* WHAT IS REQUIRED *
Apart from the pictures, every entry below should be repeated exactly.

* SUPPLIED MATERIAL *
※ ※ ※
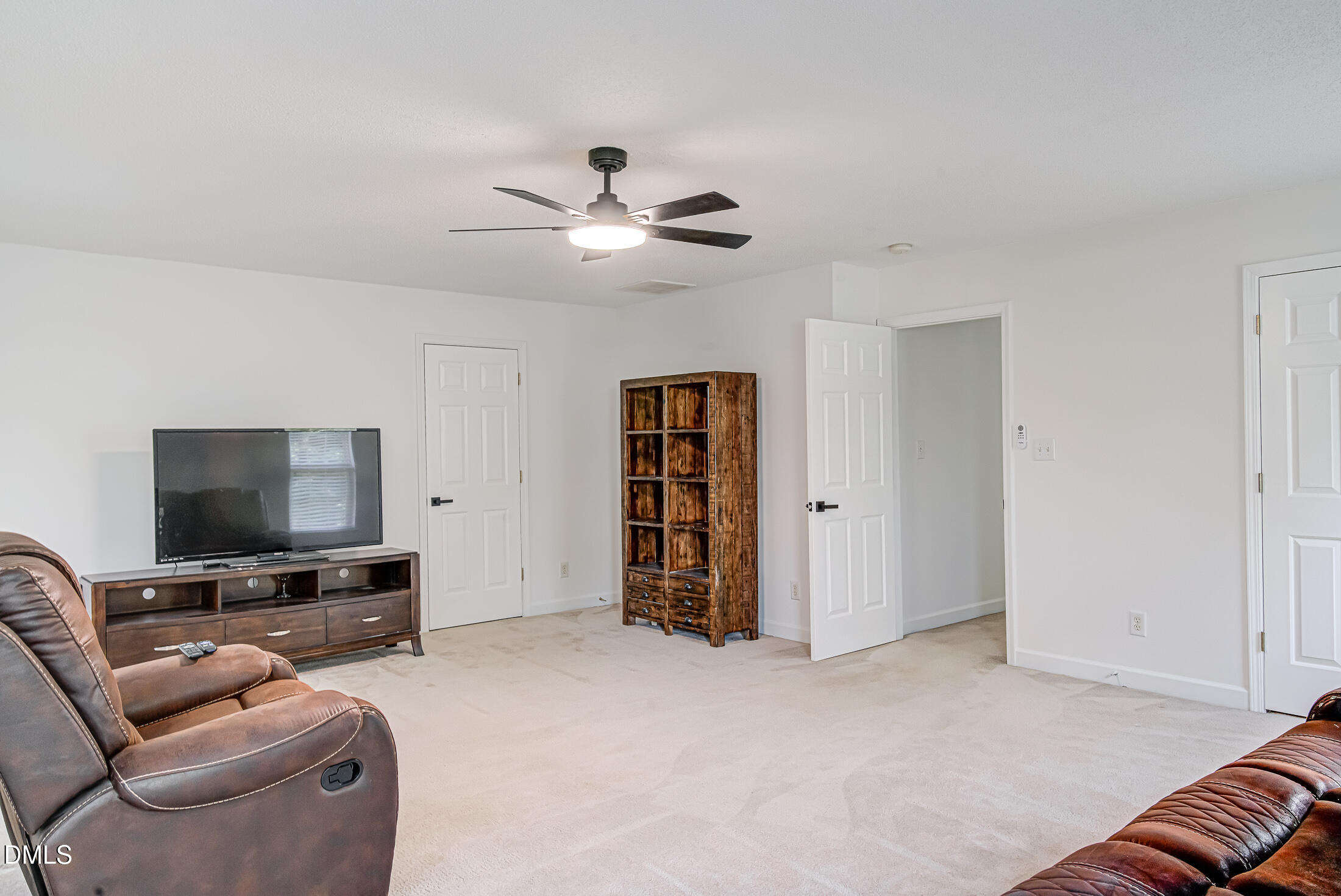 2517 Cambridge Road Burlington, NC 27215 - Photo 23 of 29 2517 Cambridge Rd Photo-40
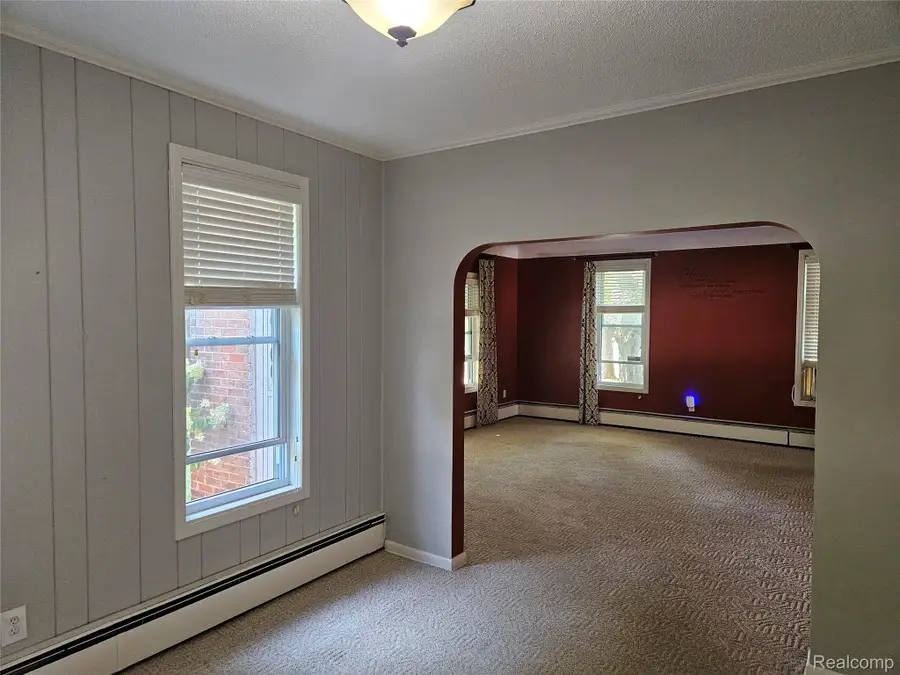 6209 E Atherton Road, Burton, MI 48519 - #3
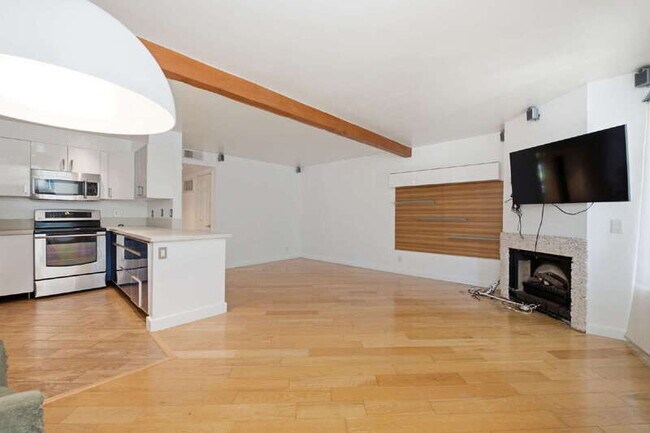 1635 Seventh Ave San Diego, CA 92101 photo 5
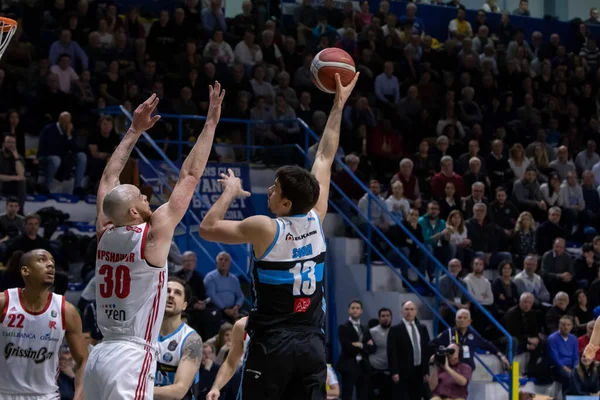 Baloncesto italiano Serie A Campeonato Vanoli Basket Cremona vs Grissin Bon Reggio Emilia — Foto de Stock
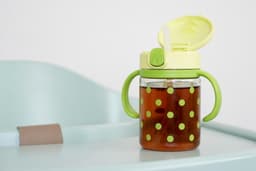 赤ちゃんは麦茶をいつから飲める?作り方や飲ませ方、大人用でも良いのかを解説!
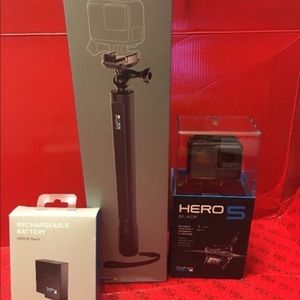 GOPRO Brand New BUNDLE!! Gopro Hero 5 Black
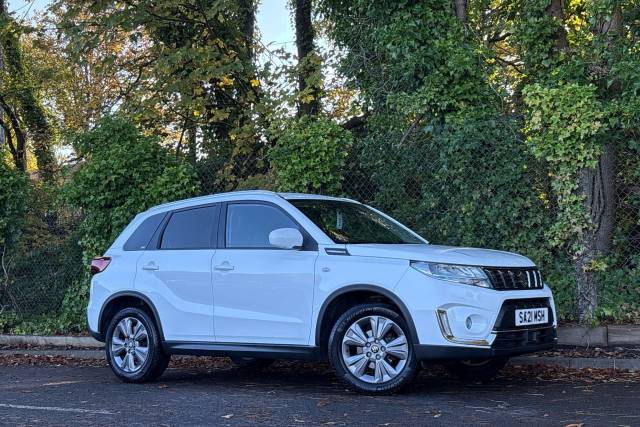 Suzuki Vitara 1.4 Boosterjet MHEV SZ-T SUV 5dr Petrol Hybrid Manual ALLGRIP Euro 6 (s/s) (129 ps) SUV Hybrid White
※ ※ ※
* EXERCISE RESPONSE *
 2517 Cambridge Road Burlington, NC 27215 - Photo 23 of 29 2517 Cambridge Rd Photo-40
 6209 E Atherton Road, Burton, MI 48519 - #3
 1635 Seventh Ave San Diego, CA 92101 photo 5
 Baloncesto italiano Serie A Campeonato Vanoli Basket Cremona vs Grissin Bon Reggio Emilia — Foto de Stock
 赤ちゃんは麦茶をいつから飲める?作り方や飲ませ方、大人用でも良いのかを解説!
 GOPRO Brand New BUNDLE!! Gopro Hero 5 Black
 Suzuki Vitara 1.4 Boosterjet MHEV SZ-T SUV 5dr Petrol Hybrid Manual ALLGRIP Euro 6 (s/s) (129 ps) SUV Hybrid White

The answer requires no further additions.